Abstract

Aims

This research seeks to improve the reliability and sustainability of tunnel construction by employing automated AI techniques to manage geotechnical and aleatoric uncertainties. It utilizes machine learning models, including Gradient Boosting Machines (GBM), AdaBoost, Hidden Markov Models (HMM), and Deep Q-Networks for Reinforcement Learning, to predict and reduce environmental impacts. The effectiveness of these algorithms is assessed using various performance metrics to demonstrate their impact on enhancing tunnel construction processes.

Background

While tunnel construction is vital for modern infrastructure development, it poses significant environmental challenges. Traditional methods for assessing environmental impacts often rely on manual techniques and overly simplistic models that fail to consider the complex interactions and inherent uncertainties of geotechnical and aleatoric factors. This research aims to overcome these limitations by applying automated AI techniques, particularly machine learning algorithms, to more accurately predict and mitigate environmental impacts.

Objective

The goal of this study is to increase the reliability and sustainability of tunnel construction by using AI-based methods to address both aleatoric and geotechnical uncertainties. It focuses on deploying machine learning algorithms such as GBM, AdaBoost, HMM, and Deep Q-Networks for Reinforcement Learning to forecast and manage negative environmental impacts.
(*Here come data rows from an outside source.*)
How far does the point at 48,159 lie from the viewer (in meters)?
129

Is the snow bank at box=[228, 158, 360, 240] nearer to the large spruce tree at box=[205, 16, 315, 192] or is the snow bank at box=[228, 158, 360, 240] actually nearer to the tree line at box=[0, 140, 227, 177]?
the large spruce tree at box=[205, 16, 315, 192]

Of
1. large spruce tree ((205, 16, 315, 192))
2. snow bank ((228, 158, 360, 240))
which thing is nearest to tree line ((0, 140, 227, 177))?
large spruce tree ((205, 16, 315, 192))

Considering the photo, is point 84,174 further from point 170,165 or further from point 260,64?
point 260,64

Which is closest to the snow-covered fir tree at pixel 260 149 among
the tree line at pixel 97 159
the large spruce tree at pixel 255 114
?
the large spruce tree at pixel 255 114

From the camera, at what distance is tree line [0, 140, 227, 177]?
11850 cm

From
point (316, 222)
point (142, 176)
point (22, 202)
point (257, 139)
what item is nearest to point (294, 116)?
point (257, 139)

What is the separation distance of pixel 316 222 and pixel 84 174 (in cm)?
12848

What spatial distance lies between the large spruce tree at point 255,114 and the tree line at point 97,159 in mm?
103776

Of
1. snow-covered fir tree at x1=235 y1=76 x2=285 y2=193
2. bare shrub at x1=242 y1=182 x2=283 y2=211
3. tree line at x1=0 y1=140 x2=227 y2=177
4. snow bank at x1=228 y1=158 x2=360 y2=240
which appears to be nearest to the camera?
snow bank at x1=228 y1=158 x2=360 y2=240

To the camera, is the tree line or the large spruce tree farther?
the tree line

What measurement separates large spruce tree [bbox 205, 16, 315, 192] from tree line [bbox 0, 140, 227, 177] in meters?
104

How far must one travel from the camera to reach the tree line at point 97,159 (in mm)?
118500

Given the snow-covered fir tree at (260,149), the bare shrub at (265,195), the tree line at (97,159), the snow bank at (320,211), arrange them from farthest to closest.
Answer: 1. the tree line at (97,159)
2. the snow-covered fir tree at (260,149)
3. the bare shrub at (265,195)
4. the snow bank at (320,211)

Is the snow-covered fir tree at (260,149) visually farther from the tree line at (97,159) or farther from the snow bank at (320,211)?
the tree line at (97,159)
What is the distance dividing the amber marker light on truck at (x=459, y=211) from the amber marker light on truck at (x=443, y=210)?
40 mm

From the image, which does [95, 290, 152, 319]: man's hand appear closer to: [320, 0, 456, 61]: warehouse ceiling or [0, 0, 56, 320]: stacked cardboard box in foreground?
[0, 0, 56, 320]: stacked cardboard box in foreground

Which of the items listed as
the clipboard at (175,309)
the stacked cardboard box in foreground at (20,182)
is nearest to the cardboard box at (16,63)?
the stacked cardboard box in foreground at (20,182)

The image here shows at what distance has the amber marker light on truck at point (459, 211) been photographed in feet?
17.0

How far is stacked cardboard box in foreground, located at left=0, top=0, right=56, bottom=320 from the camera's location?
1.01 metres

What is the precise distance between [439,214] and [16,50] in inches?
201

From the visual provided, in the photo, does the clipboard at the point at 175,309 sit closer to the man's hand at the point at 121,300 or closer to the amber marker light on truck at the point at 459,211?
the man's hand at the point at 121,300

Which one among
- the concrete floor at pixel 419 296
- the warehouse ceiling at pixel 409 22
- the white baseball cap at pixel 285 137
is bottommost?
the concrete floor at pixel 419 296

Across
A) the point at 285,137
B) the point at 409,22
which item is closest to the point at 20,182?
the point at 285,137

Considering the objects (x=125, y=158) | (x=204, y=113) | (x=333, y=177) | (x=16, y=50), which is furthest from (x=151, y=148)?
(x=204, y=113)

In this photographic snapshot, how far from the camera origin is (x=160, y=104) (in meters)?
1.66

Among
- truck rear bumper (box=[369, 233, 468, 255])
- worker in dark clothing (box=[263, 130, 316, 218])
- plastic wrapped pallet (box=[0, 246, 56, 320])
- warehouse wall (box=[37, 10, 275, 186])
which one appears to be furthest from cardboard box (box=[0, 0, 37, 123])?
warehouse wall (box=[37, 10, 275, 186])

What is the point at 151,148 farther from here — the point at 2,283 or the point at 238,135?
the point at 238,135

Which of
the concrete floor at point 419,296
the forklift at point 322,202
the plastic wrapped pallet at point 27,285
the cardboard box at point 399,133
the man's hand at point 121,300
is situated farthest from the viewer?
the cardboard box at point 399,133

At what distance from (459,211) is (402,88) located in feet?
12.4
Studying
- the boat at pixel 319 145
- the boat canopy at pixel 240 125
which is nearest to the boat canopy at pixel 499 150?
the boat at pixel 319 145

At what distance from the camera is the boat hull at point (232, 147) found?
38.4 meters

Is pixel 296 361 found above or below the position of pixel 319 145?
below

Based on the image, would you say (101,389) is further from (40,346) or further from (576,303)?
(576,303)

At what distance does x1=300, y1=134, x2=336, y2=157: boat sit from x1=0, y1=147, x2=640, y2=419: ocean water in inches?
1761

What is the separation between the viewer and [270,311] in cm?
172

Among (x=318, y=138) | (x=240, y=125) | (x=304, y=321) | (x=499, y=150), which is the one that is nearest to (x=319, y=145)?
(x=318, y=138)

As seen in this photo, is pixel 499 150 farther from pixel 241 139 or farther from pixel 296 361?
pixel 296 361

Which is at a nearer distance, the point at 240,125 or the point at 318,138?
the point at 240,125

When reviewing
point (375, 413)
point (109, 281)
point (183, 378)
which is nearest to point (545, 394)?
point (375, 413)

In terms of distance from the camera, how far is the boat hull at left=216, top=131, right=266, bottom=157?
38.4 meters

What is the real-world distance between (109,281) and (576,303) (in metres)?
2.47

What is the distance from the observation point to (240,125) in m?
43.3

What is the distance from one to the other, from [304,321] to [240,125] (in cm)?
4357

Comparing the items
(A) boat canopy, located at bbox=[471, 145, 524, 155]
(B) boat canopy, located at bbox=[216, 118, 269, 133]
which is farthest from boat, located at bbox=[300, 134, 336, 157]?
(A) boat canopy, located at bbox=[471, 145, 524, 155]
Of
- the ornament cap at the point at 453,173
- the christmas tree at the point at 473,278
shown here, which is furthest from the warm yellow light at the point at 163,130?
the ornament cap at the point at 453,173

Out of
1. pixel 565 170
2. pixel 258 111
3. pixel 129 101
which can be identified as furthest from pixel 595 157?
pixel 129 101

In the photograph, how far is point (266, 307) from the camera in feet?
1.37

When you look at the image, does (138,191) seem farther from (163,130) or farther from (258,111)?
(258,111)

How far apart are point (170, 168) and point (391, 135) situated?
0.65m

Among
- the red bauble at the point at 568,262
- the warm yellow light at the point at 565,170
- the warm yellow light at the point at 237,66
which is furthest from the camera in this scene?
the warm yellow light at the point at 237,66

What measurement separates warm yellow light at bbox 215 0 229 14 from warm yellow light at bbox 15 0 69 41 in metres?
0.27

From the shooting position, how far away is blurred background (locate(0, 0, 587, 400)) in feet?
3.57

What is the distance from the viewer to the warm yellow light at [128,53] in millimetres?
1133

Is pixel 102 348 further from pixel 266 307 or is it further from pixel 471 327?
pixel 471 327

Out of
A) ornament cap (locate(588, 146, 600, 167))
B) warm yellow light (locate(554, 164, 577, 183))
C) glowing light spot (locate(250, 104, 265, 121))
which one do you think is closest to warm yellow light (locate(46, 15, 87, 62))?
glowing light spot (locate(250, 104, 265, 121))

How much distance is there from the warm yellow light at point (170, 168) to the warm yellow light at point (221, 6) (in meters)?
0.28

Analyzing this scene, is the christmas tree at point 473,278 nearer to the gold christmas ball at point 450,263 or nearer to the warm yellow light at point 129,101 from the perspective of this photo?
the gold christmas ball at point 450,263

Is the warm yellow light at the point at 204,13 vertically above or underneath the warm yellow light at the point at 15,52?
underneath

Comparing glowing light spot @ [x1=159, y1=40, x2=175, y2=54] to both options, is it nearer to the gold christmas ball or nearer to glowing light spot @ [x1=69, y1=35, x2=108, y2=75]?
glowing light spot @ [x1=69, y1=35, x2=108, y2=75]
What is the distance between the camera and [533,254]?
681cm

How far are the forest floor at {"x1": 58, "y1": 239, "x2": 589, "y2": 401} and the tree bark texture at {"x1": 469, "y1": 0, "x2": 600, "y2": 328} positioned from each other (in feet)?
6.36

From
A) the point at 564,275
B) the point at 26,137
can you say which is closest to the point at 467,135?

The algorithms' performance is measured against various criteria to demonstrate their effectiveness in optimizing construction outcomes.

Methods

The research applies machine learning techniques, including GBM, AdaBoost, HMM, and Deep Q-Networks, to enhance tunnel construction's reliability and environmental sustainability. These models are designed to predict and mitigate environmental impacts while accounting for geotechnical and aleatoric uncertainties. The models' effectiveness is evaluated using metrics like accuracy, precision, recall, F1 score, log loss, mean squared error (MSE), log-likelihood, cumulative reward, convergence rate, and policy stability, indicating substantial improvements in construction practices.

Results

The study shows that using machine learning algorithms significantly enhances tunnel construction reliability and sustainability. GBM achieved a high accuracy of 0.92 and an F1 score of 0.90. Additionally, Deep Q-Networks for Reinforcement Learning effectively identified optimal construction strategies, resulting in a cumulative reward of 950. These outcomes highlight the capability of AI methods to address uncertainties, leading to safer, more resilient infrastructure development.

Conclusion

The findings of this research suggest that integrating machine learning algorithms, such as GBM, AdaBoost, HMM, and Deep Q-Networks, substantially improves the reliability and sustainability of tunnel construction projects. These AI approaches effectively manage geotechnical and aleatoric uncertainties, with GBM providing high predictive accuracy and F1 scores and Deep Q-Networks optimizing construction strategies. Adopting these technologies could result in safer, more sustainable, and resilient infrastructure, underscoring their potential for transforming tunnel construction practices.

Keywords: Tunnel construction, Environmental impact assessment, Machine learning, Artificial intelligence, Sustainability, Gradient boosting machines, Hidden markov models.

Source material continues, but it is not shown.